Could eating gluten prevent you from getting pregnant? If you have celiac disease the medical research says yes. It's a common myth that celiac disease, an autoimmune disease that causes damage to the small intestine, just affects the digestive tract. Celiac disease can affect almost every system in the body including the reproductive system in both men and women. Celiac disease has been linked to infertility, miscarriage and low birth weight in women and low sperm count in men.

Female Fertility and Celiac Disease
A recent study showed that women with celiac disease have a 3.5 times greater risk of having infertility compared to women without the condition (1) . Several studies have reported miscarriage rates to be substantially higher among women with untreated celiac disease than among healthy women, with one study showing that the likelihood of having at least one complication during pregnancy has been estimated to be at least four times higher in celiac women than in healthy women (2).

Why Does Celiac Disease Cause Infertility in Women?

Lower absorption of nutrients
Celiac disease can cause damage to your small intestine making it difficult for your body to absorb nutrients. Micronutrients such as zinc, selenium or folic acid have been shown to be low in those with celiac disease. Both zinc and selenium deficiencies have been shown to directly affect the hormones that control ovulation.

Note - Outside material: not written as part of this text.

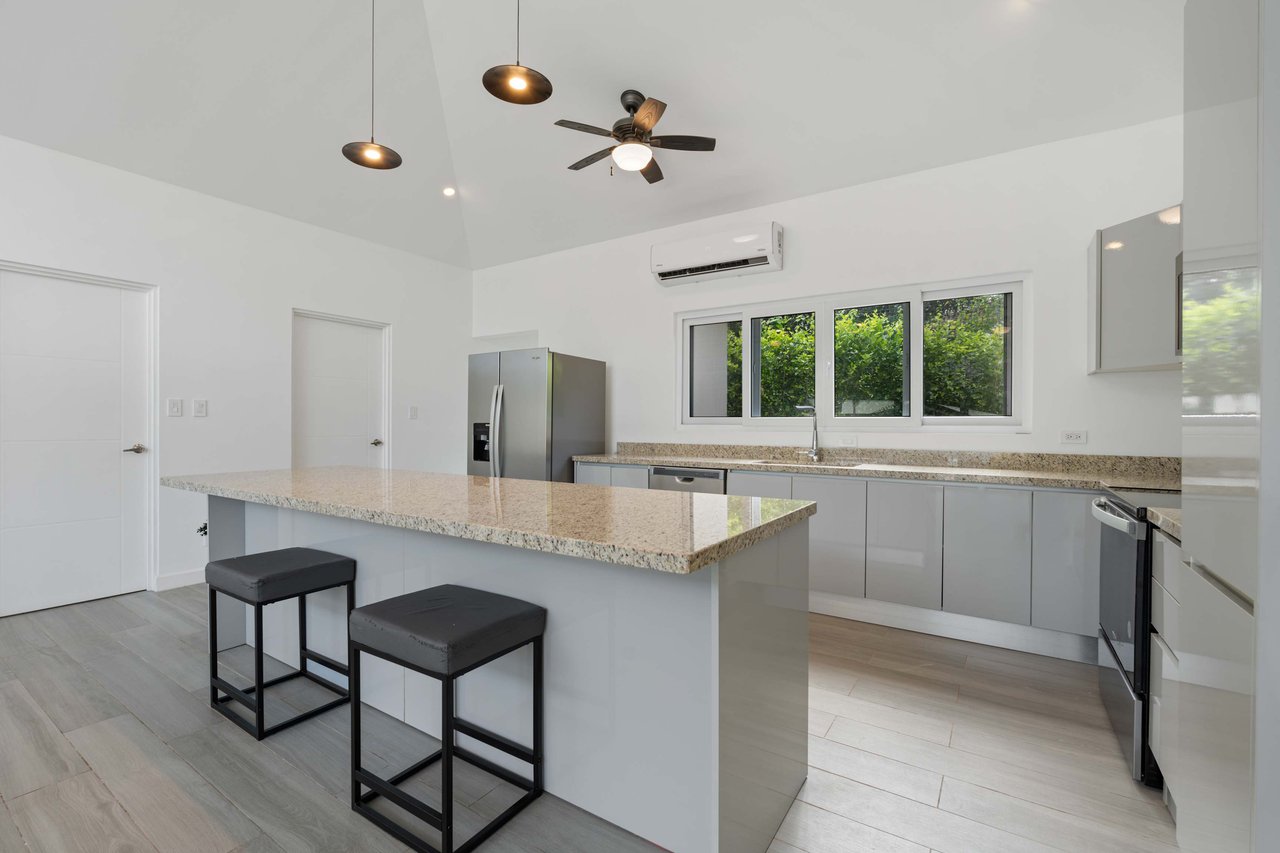 The Point 20 | Modern Elegance Meets Coastal Serenity – Home for Sale in Playa Avellanas!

Interestingly enough in a series of published studies by Collin et al., celiac patients with infertility showed neither severe malnutrition nor signs of trace element deficiency; only two had iron deficiency (3). So vitamin deficiencies may or may not be a contributing factor.

Lower Body Weight
Untreated celiac disease and lack of absorption of the food you're eating can lead to being under weight. Being underweight can affect your chances of becoming pregnant and can cause infertility.

Hormone Dysfunction
Having celiac disease increases the risk of someone having certain hormonal disorders. Thyroid dysfunction is common in those with celiac disease which can disrupt ovarian function.

Male Fertility and Celiac Disease
Infertility isn't just a problem in women with celiac disease but also with men. Italian researchers have noted that male celiac disease patients have a greater risk of infertility and other reproductive issues, as well as a greater incidence of androgen (male hormone) deficiency (4). There has also been documented reduced sperm counts that may be due to nutritional and hormonal deficiencies in men with celiac disease.

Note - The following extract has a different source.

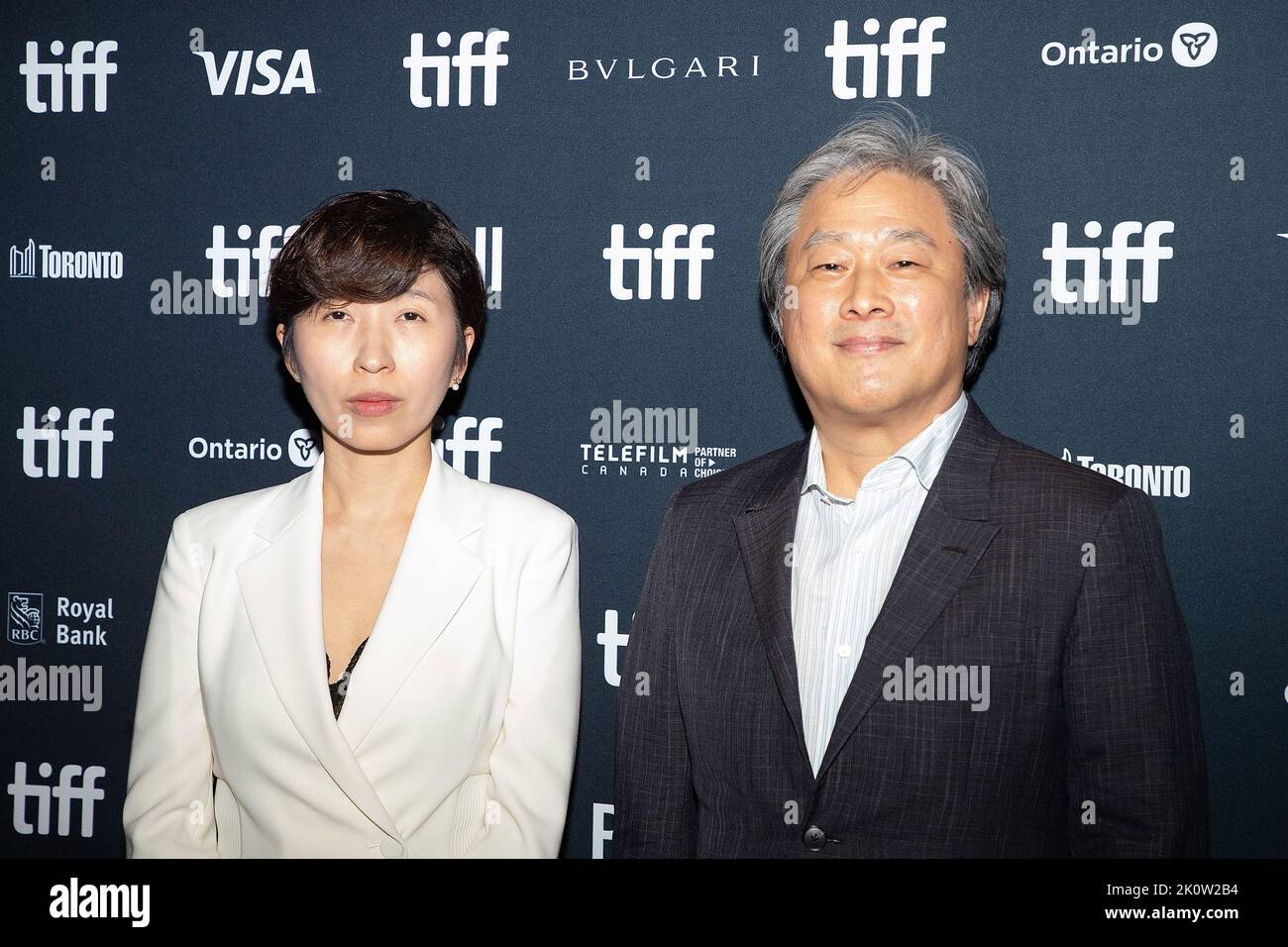 Parc Chan-Wook, Chung Seo-Kyung assistez à la première « décision de quitter » lors du Festival international du film de Toronto 2022 au Princess of Wales Theatre on 12 septembre 2022, à Toronto, en Ontario. Photo : PICJER/imageSPACE/MediaPunch Banque D'Images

If a woman with undiagnosed celiac disease is able to become pregnant, there can be a negative effect on the baby. A recent study associated celiac disease with significant increases in miscarriage and premature delivery (5). Most of the celiac disease-related pregnancy problems seem to occur in women who have not yet been diagnosed with celiac, or in women who have been diagnosed but who are not following the gluten-free diet.

Is There Still a Risk After Diagnosis?
After a diagnosis of celiac disease and a treatment of a gluten free diet studies have shown fertility to go back to normal. To have a healthy pregnancy tt's important to be as healthy as possible and to make sure you're strictly following a gluten free diet, that your celiac disease symptoms have gone away and that you've resolved any vitamin deficiencies. Discussing your celiac disease and fertility with your OB/GYN is important before trying to conceive.    

Lowering Your Risk
Shelley Case, BSc, RD, a member of the medical advisory boards of the Celiac Disease Foundation and Gluten Intolerance Group in the United States and the professional advisory board of the Canadian Celiac Association says "Although there isn’t a standard optimal waiting period, celiac antibody levels should be normalized. “The best advice I can give is that the woman’s celiac disease should be well controlled and the antibodies returned to normal".

If you have been experiencing symptoms of celiac disease and are struggling with infertility it may be worth talking to your doctor and getting tested.